Jackson admitted, Sheridan said, that he bought guns illegally in Ohio, brought them to New Jersey, and "resold them to others in exchange for cash."
Illegal guns "are part of the criminal underworld," said Camden County Police Chief Scott Thomson, whose force patrols the city. "They are being used in street crimes.

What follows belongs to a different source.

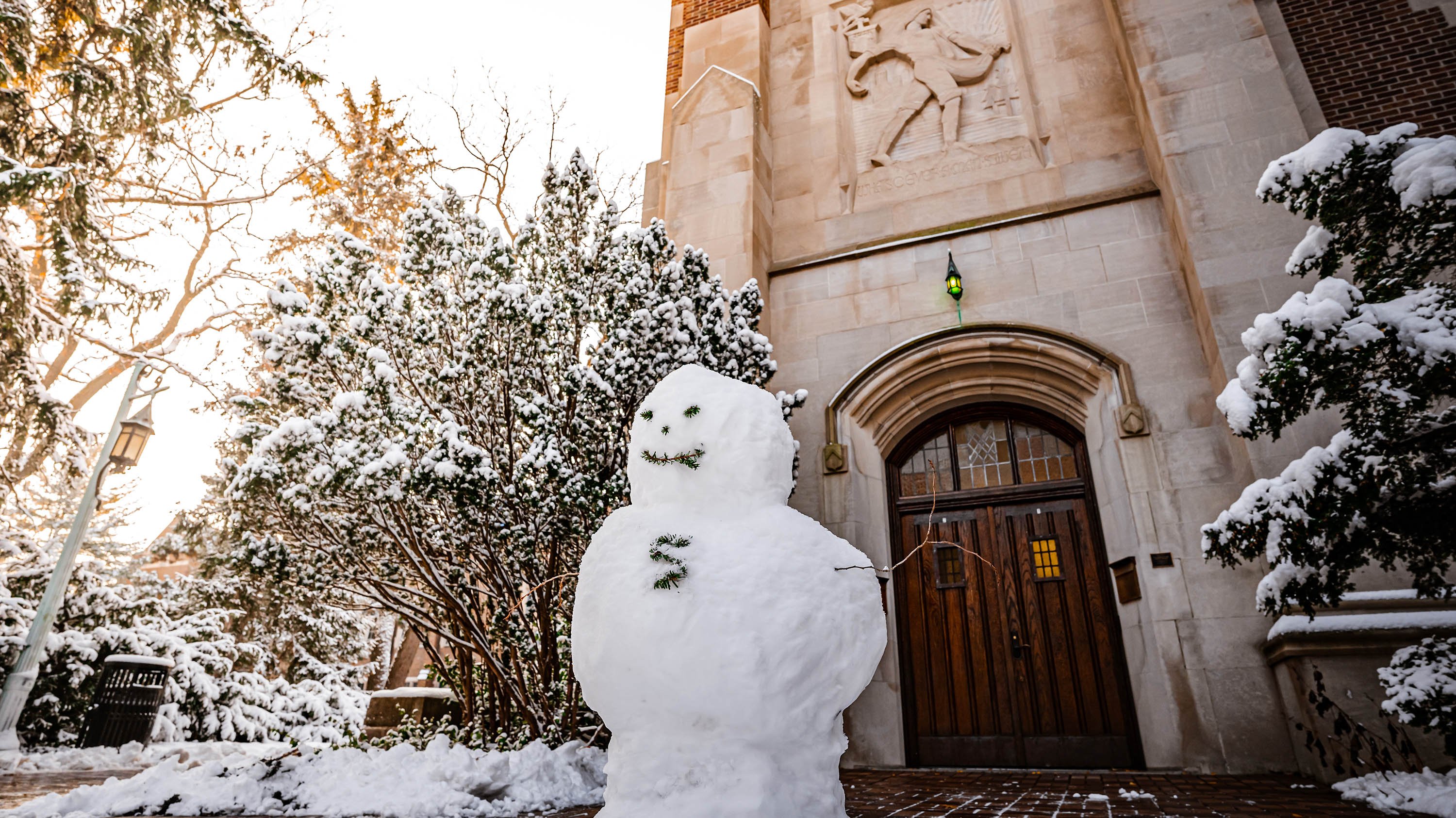 Snowman in front of Beaumont Tower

They are being used by gangs to facilitate their drug trade and the violence that goes with it."
Thomson said he was not aware of Jackson or the federal case against him, but was all too familiar with the problem of illegal weapons, particularly in Camden.
"What experience has shown us in the city of Camden is, the vast majority of crime guns in the city do not come from the state," he said, noting that New Jersey has some of the toughest gun laws in the nation. "They are being funneled in from Pennsylvania, Ohio, and Virginia."
Thursday's federal criminal complaint against Jackson was accompanied by a seven-page, single-spaced affidavit from Sheridan.
In it, Sheridan says Jackson admitted to about 40 weapons deals during their jailhouse chat.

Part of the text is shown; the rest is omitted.